RECORDS TO PROCESS:
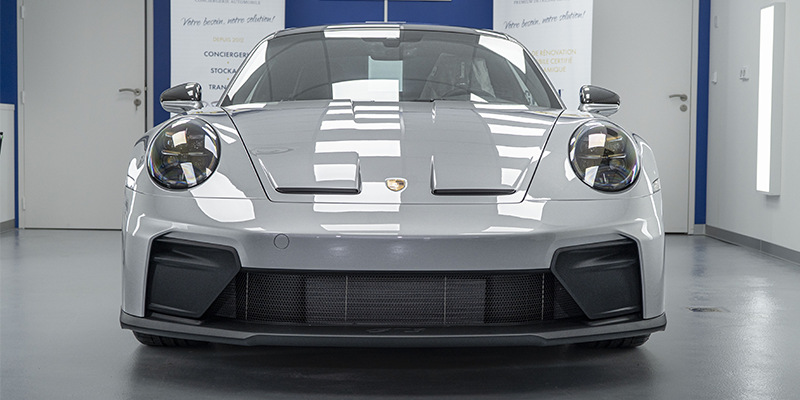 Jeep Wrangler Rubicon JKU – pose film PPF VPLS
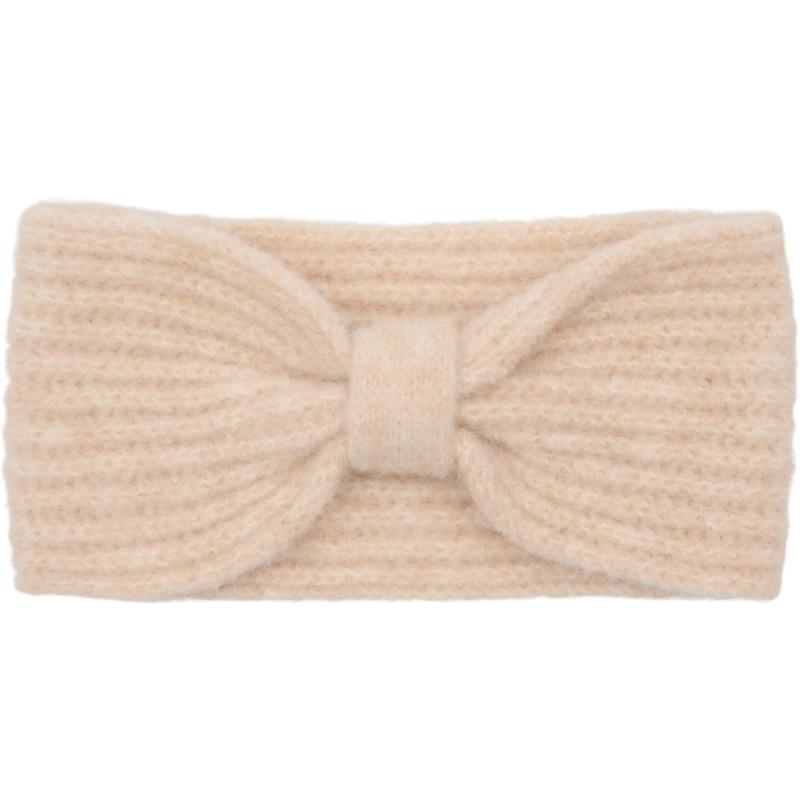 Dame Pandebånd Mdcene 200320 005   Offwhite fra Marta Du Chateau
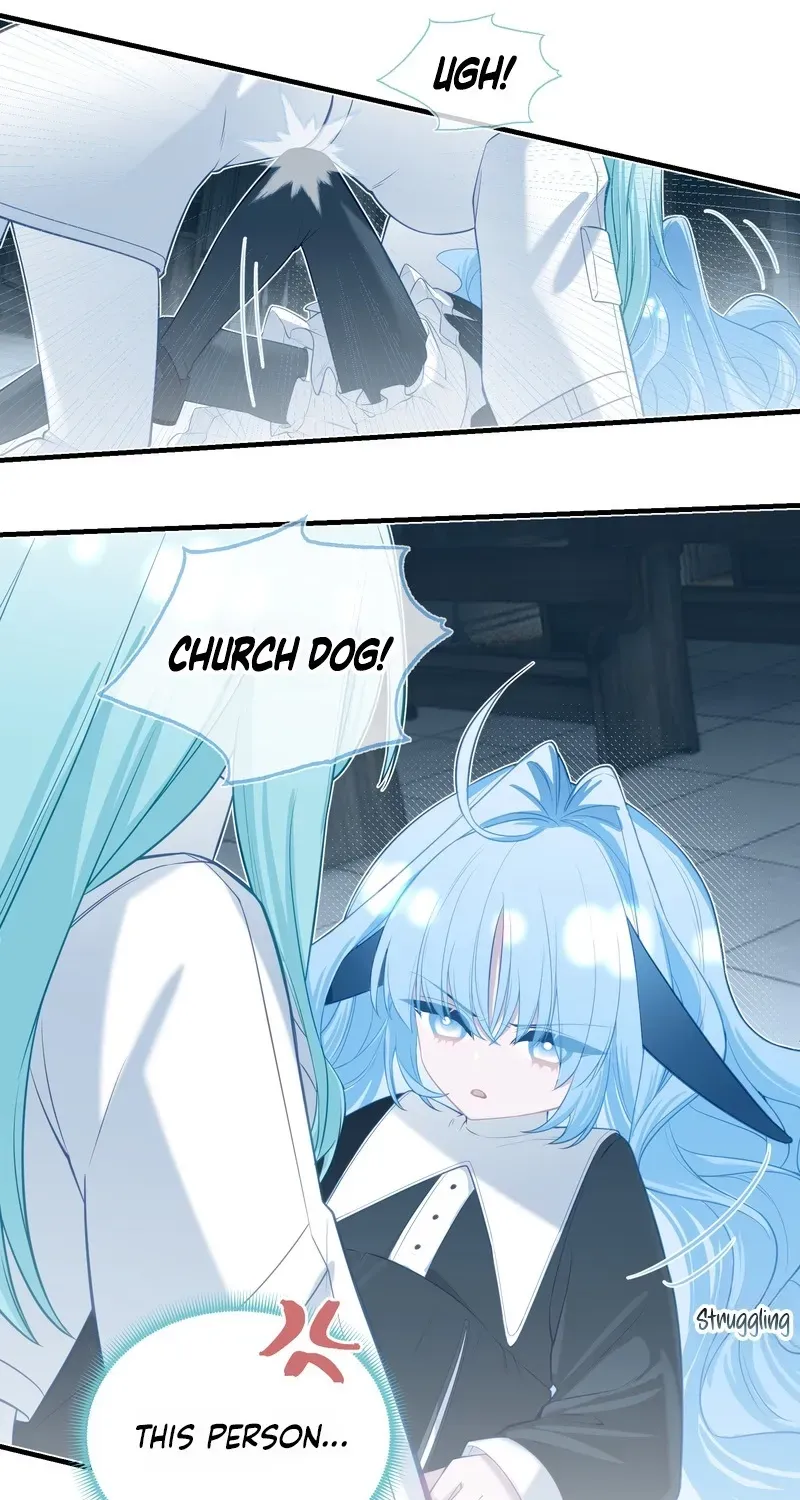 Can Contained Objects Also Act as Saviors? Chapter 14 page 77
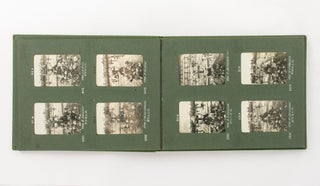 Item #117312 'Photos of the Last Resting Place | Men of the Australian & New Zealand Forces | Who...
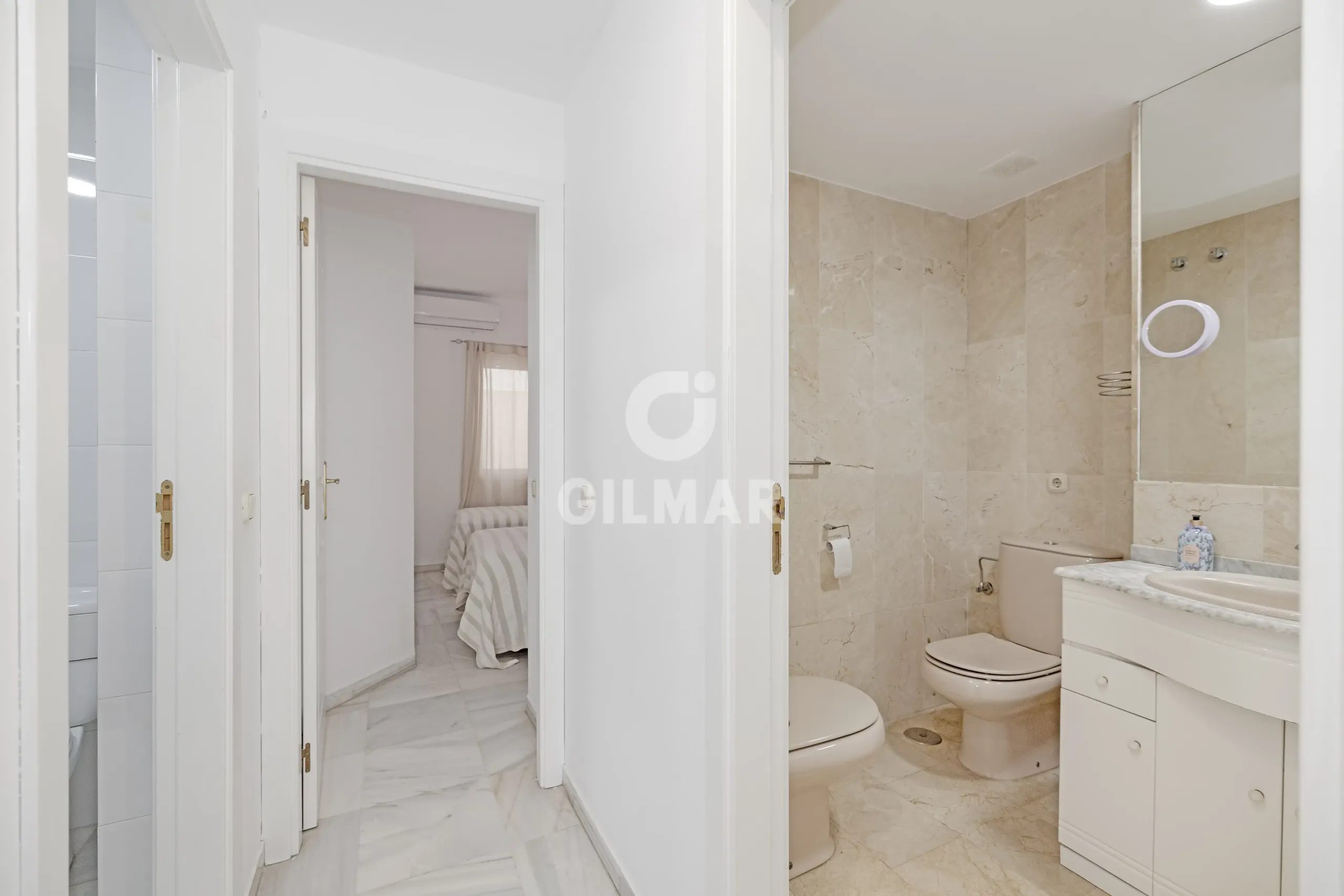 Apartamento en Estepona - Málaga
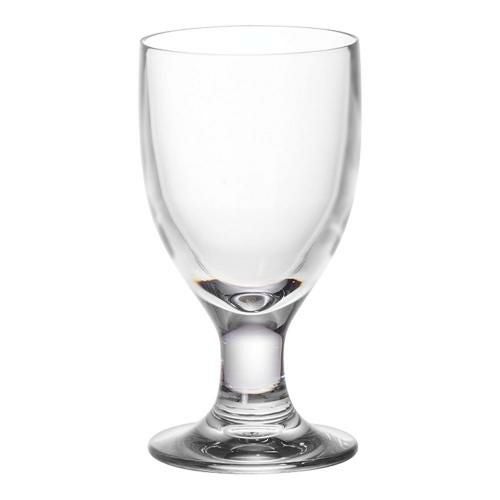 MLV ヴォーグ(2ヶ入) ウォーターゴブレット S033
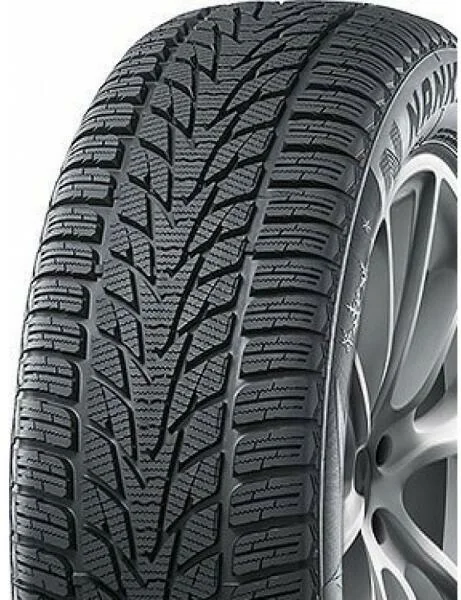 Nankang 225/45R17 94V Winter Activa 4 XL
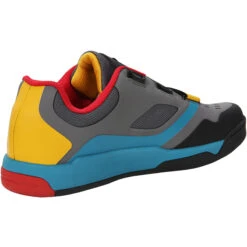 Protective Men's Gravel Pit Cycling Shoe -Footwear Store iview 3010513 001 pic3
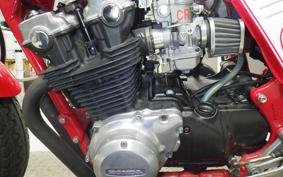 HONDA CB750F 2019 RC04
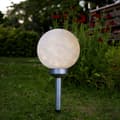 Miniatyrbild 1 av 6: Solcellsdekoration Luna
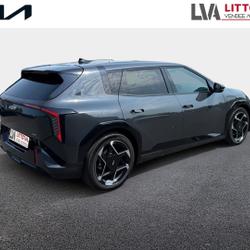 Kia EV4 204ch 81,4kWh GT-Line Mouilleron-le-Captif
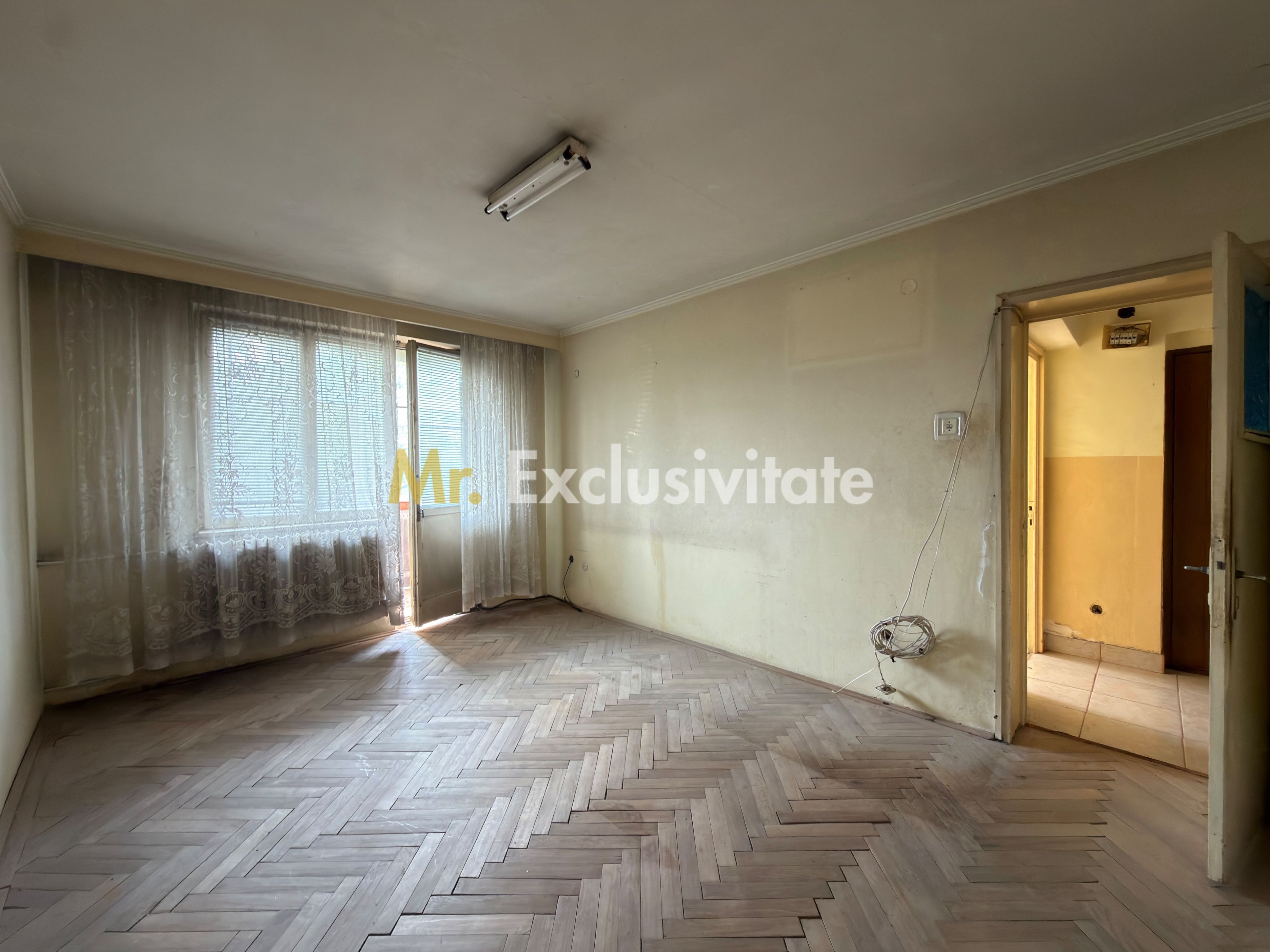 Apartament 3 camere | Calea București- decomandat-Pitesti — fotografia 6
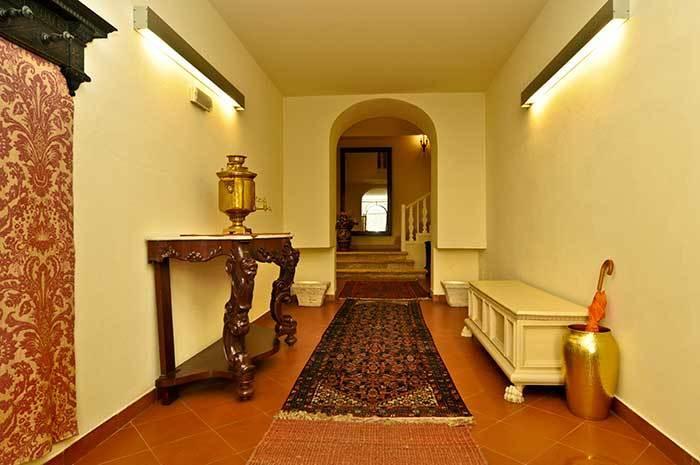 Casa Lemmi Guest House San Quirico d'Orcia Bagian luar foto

TASK BRIEF:
The expected output is an exact retyping of the lines from the line with "Apartamento en Estepona - Málaga" through the last line of the data, with both ends kept and the pictures dropped.

EXERCISE RESULT:
 Apartamento en Estepona - Málaga
 MLV ヴォーグ(2ヶ入) ウォーターゴブレット S033
 Nankang 225/45R17 94V Winter Activa 4 XL
 Protective Men's Gravel Pit Cycling Shoe -Footwear Store iview 3010513 001 pic3
 HONDA CB750F 2019 RC04
 Miniatyrbild 1 av 6: Solcellsdekoration Luna
 Kia EV4 204ch 81,4kWh GT-Line Mouilleron-le-Captif
 Apartament 3 camere | Calea București- decomandat-Pitesti — fotografia 6
 Casa Lemmi Guest House San Quirico d'Orcia Bagian luar foto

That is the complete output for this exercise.